**How to complete this task**
Copy exactly the stretch of data below from the line with "Florales O –" through the line with "平和屋着物●江戸小紋　作家物", including both of those lines.

[Items from a data source]

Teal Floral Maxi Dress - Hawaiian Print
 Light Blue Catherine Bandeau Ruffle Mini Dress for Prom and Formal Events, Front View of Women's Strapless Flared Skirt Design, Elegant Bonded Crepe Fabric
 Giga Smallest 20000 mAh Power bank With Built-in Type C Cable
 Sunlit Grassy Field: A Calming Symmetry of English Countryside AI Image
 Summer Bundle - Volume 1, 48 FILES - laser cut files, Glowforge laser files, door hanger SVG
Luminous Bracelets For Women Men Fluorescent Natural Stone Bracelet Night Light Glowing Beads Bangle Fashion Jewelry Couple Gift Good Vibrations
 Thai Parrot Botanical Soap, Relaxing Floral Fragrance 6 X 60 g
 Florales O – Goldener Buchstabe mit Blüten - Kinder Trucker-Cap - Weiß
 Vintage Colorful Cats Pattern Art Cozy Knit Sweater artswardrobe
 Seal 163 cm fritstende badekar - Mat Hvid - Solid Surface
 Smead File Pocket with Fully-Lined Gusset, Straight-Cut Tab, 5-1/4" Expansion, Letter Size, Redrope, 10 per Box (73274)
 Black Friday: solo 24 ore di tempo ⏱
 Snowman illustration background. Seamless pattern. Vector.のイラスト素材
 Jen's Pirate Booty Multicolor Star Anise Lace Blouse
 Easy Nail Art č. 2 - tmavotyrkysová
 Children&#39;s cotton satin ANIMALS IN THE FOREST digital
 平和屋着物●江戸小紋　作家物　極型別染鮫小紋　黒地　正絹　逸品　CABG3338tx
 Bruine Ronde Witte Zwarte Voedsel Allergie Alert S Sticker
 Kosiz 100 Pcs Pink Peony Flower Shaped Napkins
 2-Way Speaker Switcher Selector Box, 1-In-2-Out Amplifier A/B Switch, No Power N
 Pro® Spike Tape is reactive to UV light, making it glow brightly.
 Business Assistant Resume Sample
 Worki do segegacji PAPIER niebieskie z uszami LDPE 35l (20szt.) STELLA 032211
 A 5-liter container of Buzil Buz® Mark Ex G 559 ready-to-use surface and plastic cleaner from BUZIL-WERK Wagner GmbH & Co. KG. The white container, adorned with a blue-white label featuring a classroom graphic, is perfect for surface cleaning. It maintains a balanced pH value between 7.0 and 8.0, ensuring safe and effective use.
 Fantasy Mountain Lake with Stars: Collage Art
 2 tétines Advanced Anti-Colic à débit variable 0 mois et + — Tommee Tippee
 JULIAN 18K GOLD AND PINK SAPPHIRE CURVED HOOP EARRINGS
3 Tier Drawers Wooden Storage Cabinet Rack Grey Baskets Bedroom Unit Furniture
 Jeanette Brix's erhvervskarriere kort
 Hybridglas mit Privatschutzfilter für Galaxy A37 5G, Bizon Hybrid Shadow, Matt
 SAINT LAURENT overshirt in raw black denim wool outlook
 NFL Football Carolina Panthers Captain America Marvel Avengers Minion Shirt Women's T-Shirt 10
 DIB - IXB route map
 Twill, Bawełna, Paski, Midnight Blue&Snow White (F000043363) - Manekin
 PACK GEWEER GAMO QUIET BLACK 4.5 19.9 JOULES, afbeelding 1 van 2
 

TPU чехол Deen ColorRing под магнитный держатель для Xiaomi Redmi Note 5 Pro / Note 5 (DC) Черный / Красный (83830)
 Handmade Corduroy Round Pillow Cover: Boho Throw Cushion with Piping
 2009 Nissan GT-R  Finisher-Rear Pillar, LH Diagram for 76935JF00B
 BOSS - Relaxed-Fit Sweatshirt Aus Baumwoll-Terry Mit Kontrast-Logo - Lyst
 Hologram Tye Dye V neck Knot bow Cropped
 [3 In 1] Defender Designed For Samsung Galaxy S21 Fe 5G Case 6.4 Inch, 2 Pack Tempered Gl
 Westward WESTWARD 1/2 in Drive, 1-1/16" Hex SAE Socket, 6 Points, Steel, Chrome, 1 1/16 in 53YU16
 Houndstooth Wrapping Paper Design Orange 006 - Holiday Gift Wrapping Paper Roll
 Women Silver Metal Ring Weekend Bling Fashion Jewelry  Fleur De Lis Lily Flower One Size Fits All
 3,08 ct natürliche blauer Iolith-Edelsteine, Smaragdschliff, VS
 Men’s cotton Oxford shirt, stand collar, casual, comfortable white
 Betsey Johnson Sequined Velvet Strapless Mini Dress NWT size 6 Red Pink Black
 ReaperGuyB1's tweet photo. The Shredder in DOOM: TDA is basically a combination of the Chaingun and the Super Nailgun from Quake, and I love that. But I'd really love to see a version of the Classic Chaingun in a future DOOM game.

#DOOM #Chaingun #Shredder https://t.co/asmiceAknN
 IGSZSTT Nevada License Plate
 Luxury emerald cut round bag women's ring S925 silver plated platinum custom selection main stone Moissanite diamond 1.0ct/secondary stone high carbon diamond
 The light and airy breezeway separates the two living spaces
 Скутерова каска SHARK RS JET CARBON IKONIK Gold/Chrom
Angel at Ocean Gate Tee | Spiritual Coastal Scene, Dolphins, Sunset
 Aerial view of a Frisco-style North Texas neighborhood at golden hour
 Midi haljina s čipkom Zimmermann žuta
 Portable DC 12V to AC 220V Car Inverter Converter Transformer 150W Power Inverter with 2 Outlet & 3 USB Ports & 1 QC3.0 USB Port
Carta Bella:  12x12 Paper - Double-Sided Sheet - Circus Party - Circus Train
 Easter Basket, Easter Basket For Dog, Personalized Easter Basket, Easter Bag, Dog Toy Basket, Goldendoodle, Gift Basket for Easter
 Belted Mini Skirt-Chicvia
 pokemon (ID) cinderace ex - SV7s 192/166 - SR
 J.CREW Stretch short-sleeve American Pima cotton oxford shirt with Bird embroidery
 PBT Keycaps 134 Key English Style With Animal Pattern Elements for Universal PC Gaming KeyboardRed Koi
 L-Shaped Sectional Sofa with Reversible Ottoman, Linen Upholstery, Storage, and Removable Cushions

**Solution for this exercise**
 Florales O – Goldener Buchstabe mit Blüten - Kinder Trucker-Cap - Weiß
 Vintage Colorful Cats Pattern Art Cozy Knit Sweater artswardrobe
 Seal 163 cm fritstende badekar - Mat Hvid - Solid Surface
 Smead File Pocket with Fully-Lined Gusset, Straight-Cut Tab, 5-1/4" Expansion, Letter Size, Redrope, 10 per Box (73274)
 Black Friday: solo 24 ore di tempo ⏱
 Snowman illustration background. Seamless pattern. Vector.のイラスト素材
 Jen's Pirate Booty Multicolor Star Anise Lace Blouse
 Easy Nail Art č. 2 - tmavotyrkysová
 Children&#39;s cotton satin ANIMALS IN THE FOREST digital
 平和屋着物●江戸小紋　作家物　極型別染鮫小紋　黒地　正絹　逸品　CABG3338tx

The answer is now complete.